Seidelmann 24

Development
- Designer: Bob Seidelmann Bruce Kirby W. Ross
- Location: United States
- Year: 1981
- No. built: 38
- Builders: Seidelmann Yachts Paceship Yachts
- Role: Racer-Cruiser
- Name: Seidelmann 24

Boat
- Displacement: 3,000 lb (1,361 kg)
- Draft: 4.40 ft (1.34 m) with centerboard down

Hull
- Type: monohull
- Construction: fiberglass
- LOA: 24.18 ft (7.37 m)
- LWL: 20.50 ft (6.25 m)
- Beam: 8.00 ft (2.44 m)
- Engine: outboard motor

Hull appendages
- Keel: stub keel and centerboard
- Ballast: 1,100 lb (499 kg)
- Rudder: transom-mounted rudder

Rig
- Rig type: Bermuda rig
- I foretriangle height: 27.00 ft (8.23 m)
- J foretriangle base: 10.00 ft (3.05 m)
- P mainsail luff: 27.00 ft (8.23 m)
- E mainsail foot: 9.80 ft (2.99 m)

Sails
- Sailplan: fractional rigged sloop
- Mainsail area: 132.30 sq ft (12.291 m^{2})
- Jib/genoa area: 135.00 sq ft (12.542 m^{2})
- Total sail area: 267.30 sq ft (24.833 m^{2})

= Seidelmann 24 =

1980s US recreational keelboat

The Seidelmann 24, sometimes called the Seidelmann 24-1, is a recreational keelboat built by Seidelmann Yachts in the United States, starting in 1981. A total of 38 boats were completed, but it is now out of production.

==Design==
Designed by Bob Seidelmann, Bruce Kirby and W. Ross, the Seidelmann 24 is built predominantly of fiberglass, with wood trim. It has a fractional sloop rig, a raked stem, a reverse transom, a transom-hung rudder controlled by a tiller and a fixed stub keel and retractable centerboard. It displaces 3000 lb and carries 1100 lb of ballast.

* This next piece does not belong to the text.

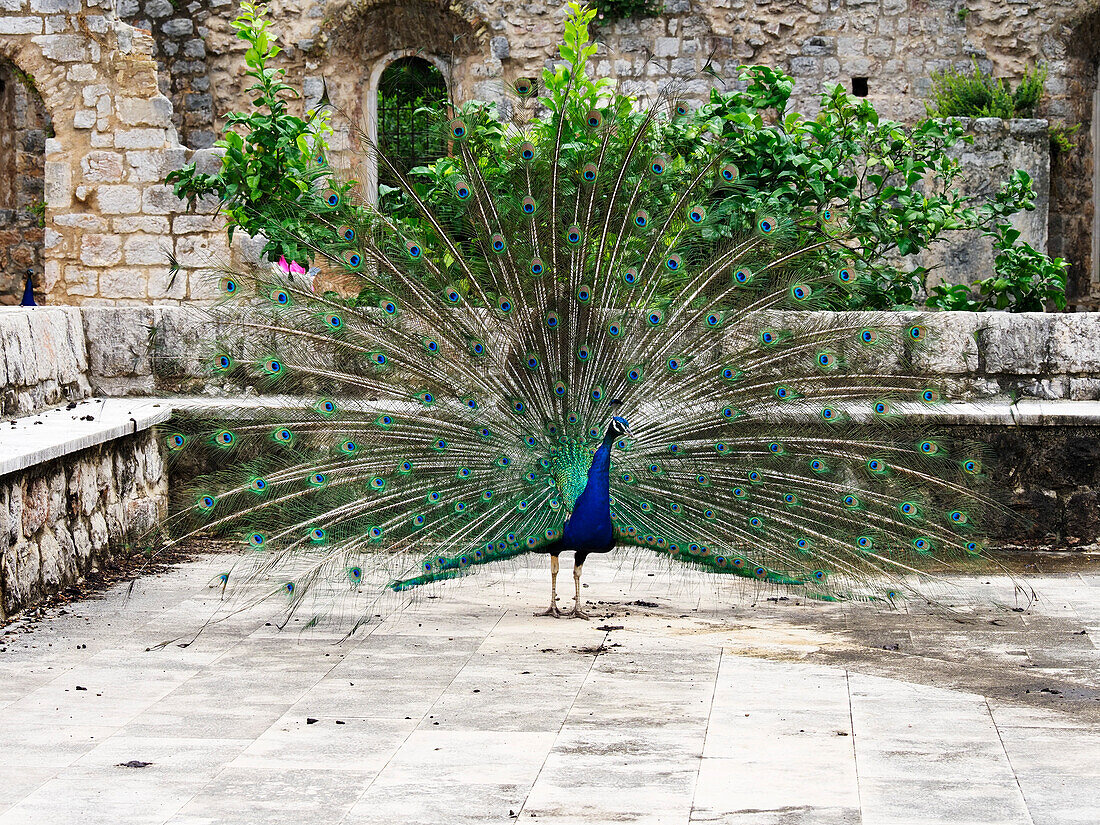 Pfau am Benediktinerkloster, Lokrum, Kroatien, Europa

The boat has a draft of 4.40 ft with the centerboard extended and 1.90 ft with it retracted, allowing operation in shallow water or ground transportation on a trailer. The boat is normally fitted with a small outboard motor for docking and maneuvering.

The design has sleeping accommodation for four people, with a double "V"-berth in and two settee berths around a removable table. The galley is located amidships on the port side and is equipped with a two-burner alcohol-fired stove, a portable icebox and a stainless steel sink. The cabin sole is made from teak and holly.

The design has a hull speed of 6.07 kn.